While I initially proposed multiple color palettes that fully met WCAG contrast standards, stakeholders prioritized visual cleanliness over strict accessibility compliance. The proposed palette introduced risks for users with low vision and color blindness, particularly in critical health-related flows.
Instead of forcing a binary decision, I reframed the discussion around risk and impact. I negotiated a compromise: adopting a visually clean palette aligned with stakeholder expectations, while enforcing higher contrast standards for key components, critical actions, and informational feedback.
This approach balanced political constraints with user needs, ensuring acceptable accessibility levels in high-impact areas without blocking adoption of the Design System.

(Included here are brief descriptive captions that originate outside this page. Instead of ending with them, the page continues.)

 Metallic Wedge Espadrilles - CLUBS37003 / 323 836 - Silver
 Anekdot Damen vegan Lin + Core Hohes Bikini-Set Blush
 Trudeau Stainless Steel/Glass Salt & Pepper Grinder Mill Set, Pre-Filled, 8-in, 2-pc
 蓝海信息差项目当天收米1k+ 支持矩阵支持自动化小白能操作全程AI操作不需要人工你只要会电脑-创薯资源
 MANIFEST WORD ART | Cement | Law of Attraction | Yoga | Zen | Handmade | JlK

While the Design System was still being built, parallel product teams continued designing independently, frequently introducing new components without alignment. This created a clear risk of fragmentation — exactly the problem the Design System was meant to solve.
Enforcing strict rules too early would slow delivery and reduce team buy-in. Ignoring the issue would compromise consistency at scale. I chose a middle path: lightweight governance through visibility and shared ownership.

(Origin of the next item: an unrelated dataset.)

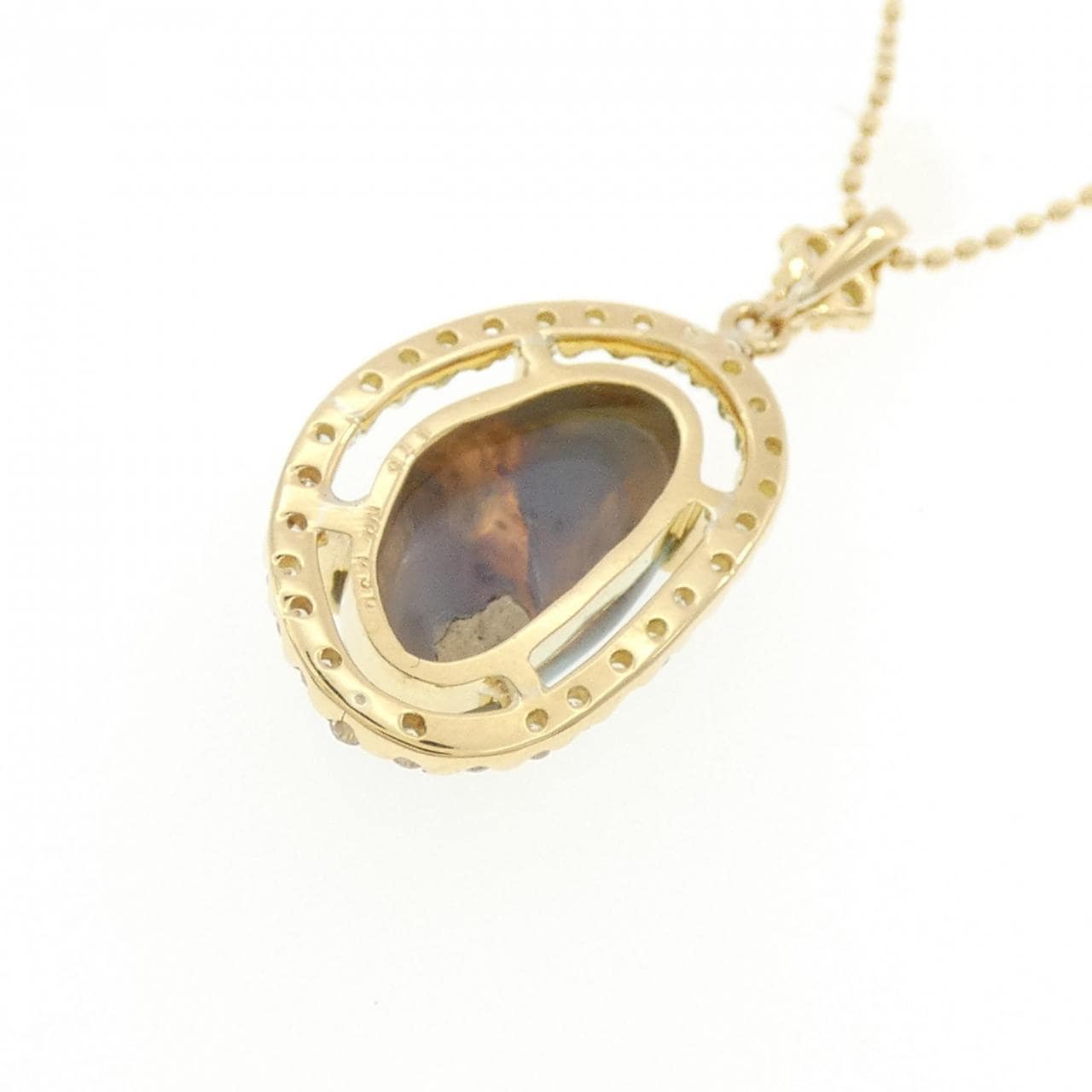 K18YG ブラックオパール ネックレス 1.75CT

I established short, recurring alignment sessions to share Design System progress, review active product work, and align on component decisions in real time. This created a feedback loop where teams felt heard while gradually adopting shared standards.
As a result, teams transitioned toward a unified visual language without blocking ongoing delivery, and the Design System became a living reference rather than a rigid constraint.

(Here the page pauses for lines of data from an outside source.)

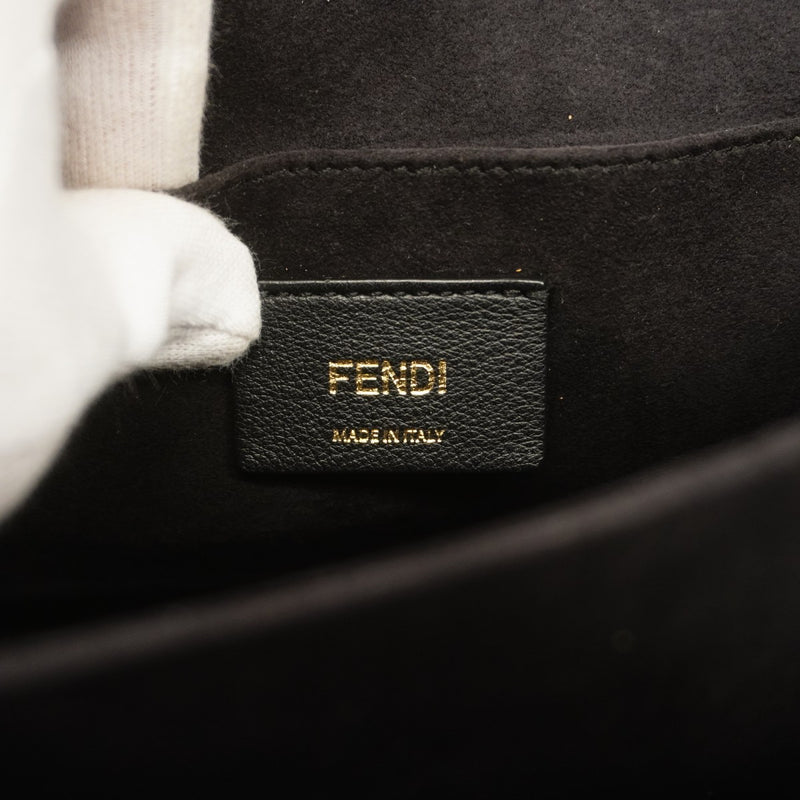 【6gb2303】フェンディ ショルダーバッグ キャナイ レザー ブラック ゴールド/シルバー金具【中古】レディース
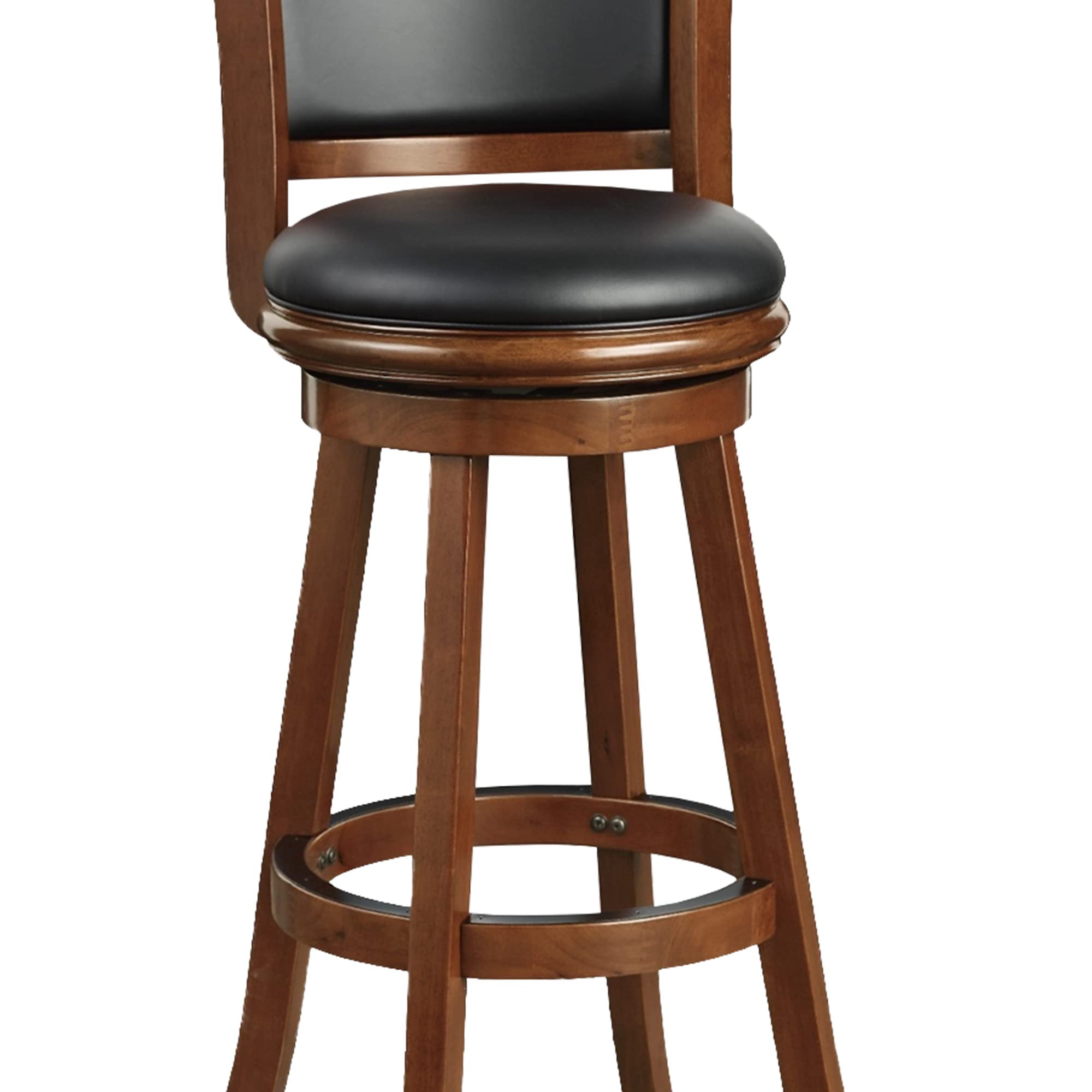 Benjara BM274343 34 Inch Extra Tall Swivel Bar Stool - Wood Frame with Faux Leather Upholstery in Cherry Brown - Perfect for Kitchen Islands, Home Bars & Dining Counter Height Tables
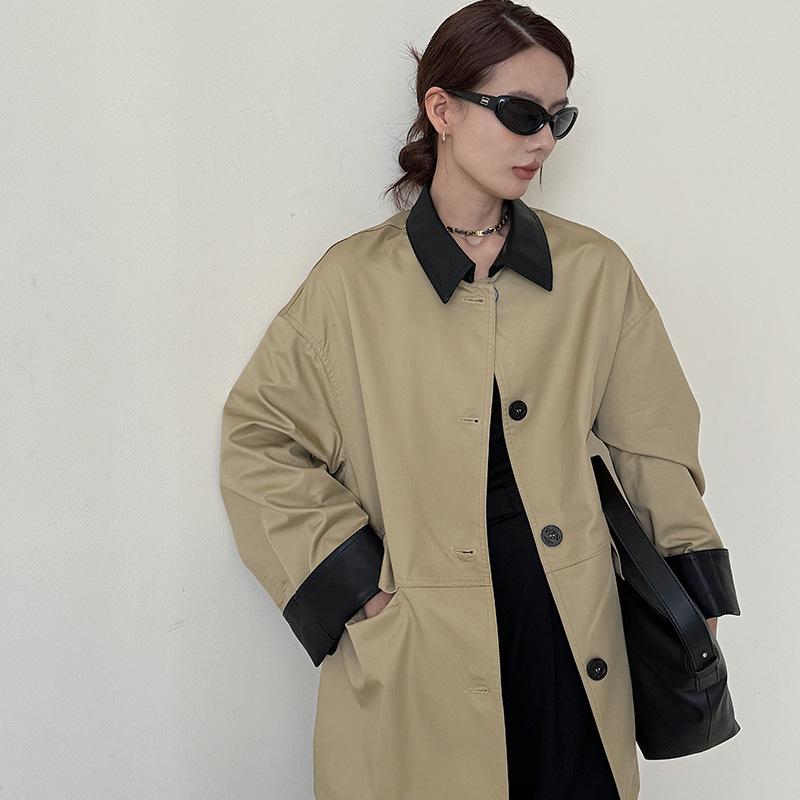 Lyocell Trench Coat Women's Early Autumn New Splicing Contrasting Color Loose Medium and Long Top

• Unified visual language across multiple products
• Reduced UI inconsistency and duplicated design decisions
• Faster alignment between design and development teams
• A shared foundation that enabled new products to be designed more efficiently
If I were to measure impact, I would track navigation efficiency, reduction in rework, and time-to-delivery across products using the Design System.
This project reinforced that early-stage products are shaped less by ideal solutions and more by decision-making under constraints. Technical knowledge alone is not enough — progress depends on navigating stakeholder preferences, timing conversations correctly, and managing risk without blocking momentum.
I learned how to establish structure while building something new, guiding teams through shared rules without slowing delivery. More importantly, I understood that successful design in early-stage environments is about creating alignment, not control — and making imperfect decisions that allow products to scale sustainably.